I soon got more comfortable on this 500-pound machine, allowing myself to run it at full speed on the open, flat stretches of the meadow. I began venturing into the traces of untracked powder near the trees where I could sail through the wind-loaded glades. Snowmobiling began to feel like more than just a speed thrill, and I glimpsed the appeal of a sport I’d often heard criticized.

The powder billows above and around, almost akin to skiing. The whirring of the engine somehow seems muted.  And yet, it’s work. The snow pulls at the sled without the ruts of previous tracks to guide it. I slide my center of gravity to the left, leaning to place my weight over one ski, allowing it to dig into the turn.


“When you get into the deep stuff, the track [of the snowmobile] will start to spin without really grabbing,” said Shannon Peacock, a guide for Coldstream Adventures, a local snowmobile touring company. “It feels like you’re in water — essentially you are.”

That sub-zero water isn’t always easy to swim through. Traversing a hillside, which requires leaning into the hill to fight the pull of gravity downward, found me slipping into a tree well on two occasions before successfully finding the right combination of pull and throttle. As Peacock had cautioned mere minutes earlier, “Getting stuck is part of snowmobiling — if you’re doing it right.”

The exploding popularity of snowmobiling is explained less by the thrill of riding, however, than by the demand for expanded backcountry skiing access. Zooming at 30-plus miles per hour to the top of an untracked line sounds much better than trudging for hours on touring skins to get to the same spot. Imagine having your own personal chairlift in the deepest parts of the backcountry!

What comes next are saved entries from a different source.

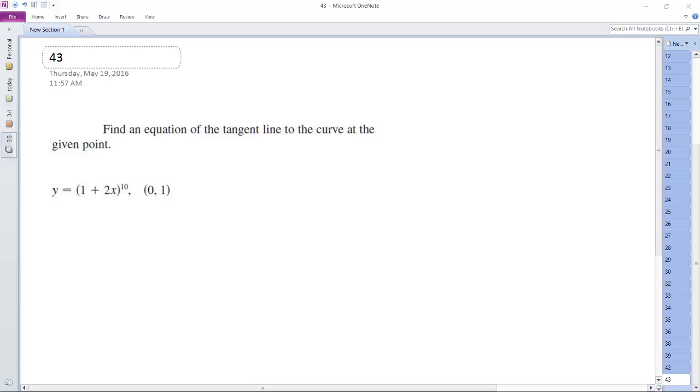So we want to find an equation of the tangent line to the curve at the given point. First we need to find the derivative.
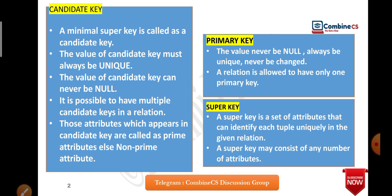Now, what is candidate key? For normalization you must know how to calculate candidate keys, as they are very important for functional dependency. A minimal super key is called a candidate key. If you find the closure of a key and can retrieve all attributes from it, that is a minimal super key. You cannot break it further — that is known as candidate key.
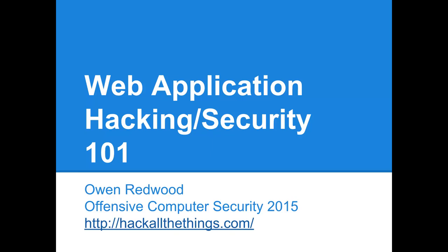Welcome to the beginning of the Web Application Hacking and Security Lecture Series. My name is Owen Redwood, and this is part of the 2015 version of the Offensive Computer Security Courseware, hosted again at HackAllTheThings.com.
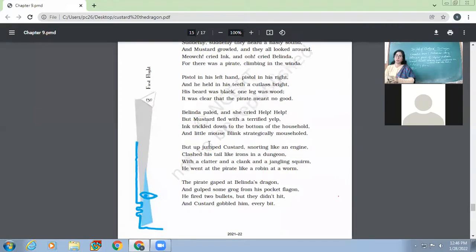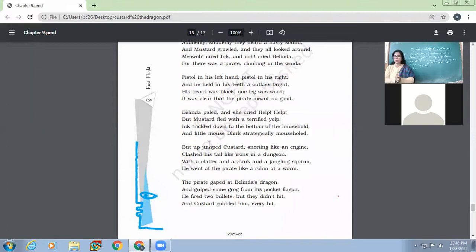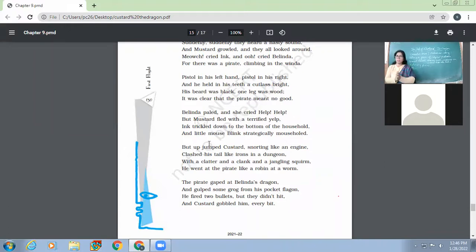The little mouse Blink very strategically entered his mouse hole. So all four — Belinda, Mustard, Ink, and Blink — had fled or hidden. The very people who compared themselves to tigers, lions, and bears all failed when the real danger came and became terrified. All their brave boasting had amounted to nothing.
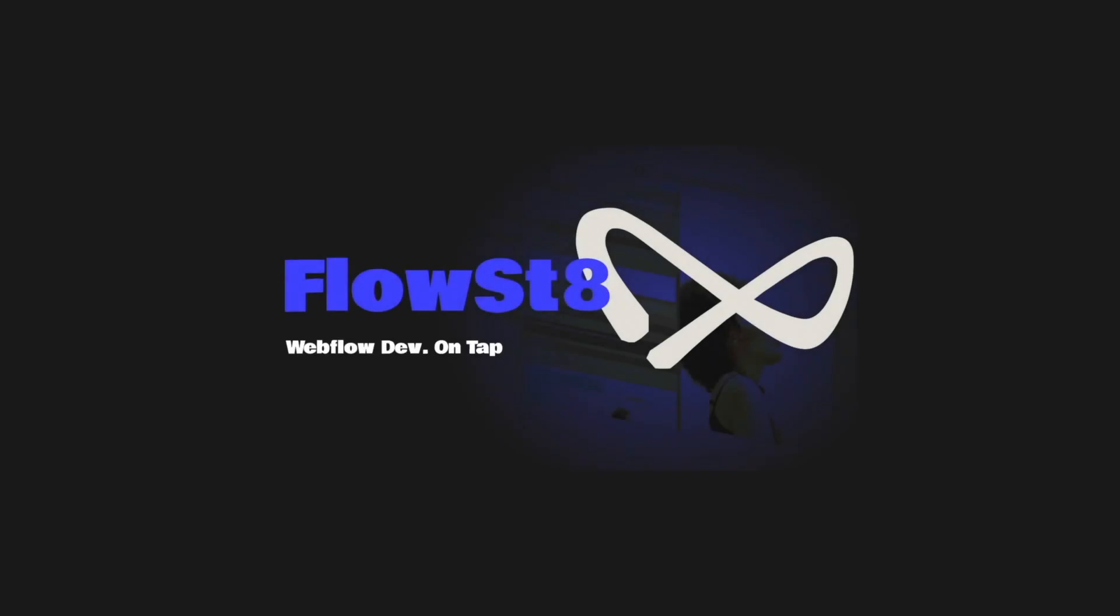This episode has been brought to you by Flowstate, the Unlimited Webflow Development Service. Find out more at flowstate.dev.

Still, on my first ever day on a snowmobile, skiing was the last thing on my mind. All I wanted to do was float through the powder, conquer that difficult side hill traverse and open the throttle across the meadow.

According to Larry Hahn, founder and president of Coldstream Adventures, people are attracted to snowmobiling for “the adventure and entertainment,” but Peacock adds, “the draw [for me] is that I can get places at certain times when nobody is out there. It’s definitely one of the most rewarding and challenging things I’ve ever done.”

The exhilaration I felt gave me new eyes for the sport. Snowmobiles are, after all loud, gas-guzzling machines that allow people to tread further into the mountains than they might otherwise be able. But Hahn, who pays for the facilities and grooming of multi-use trails on the 3,000 acres he leases in Coldstream Canyon, said “We try to preach tread lightly. Of course, there’s some guys out there that just ruin it for everybody, like anything else, but we do our best.” The trails left by the snowmobiles also have the secondary effect of improving access for others, creating paths for touring and snowshoeing.

Reducing fossil fuel consumption and protecting our natural environment are essential goals, and the cultural shift required to address the problems facing our society may well leave snowmobiling to the past. But, I believe it’s also important to have a little fun and take a break from the tedium of our day-to-day. For many, Snowmobiling is that escape. It’s a passion, recreation, and livelihood. And to the would-be complainers, I recommend one thing: give it a try. Seriously, it’s fun.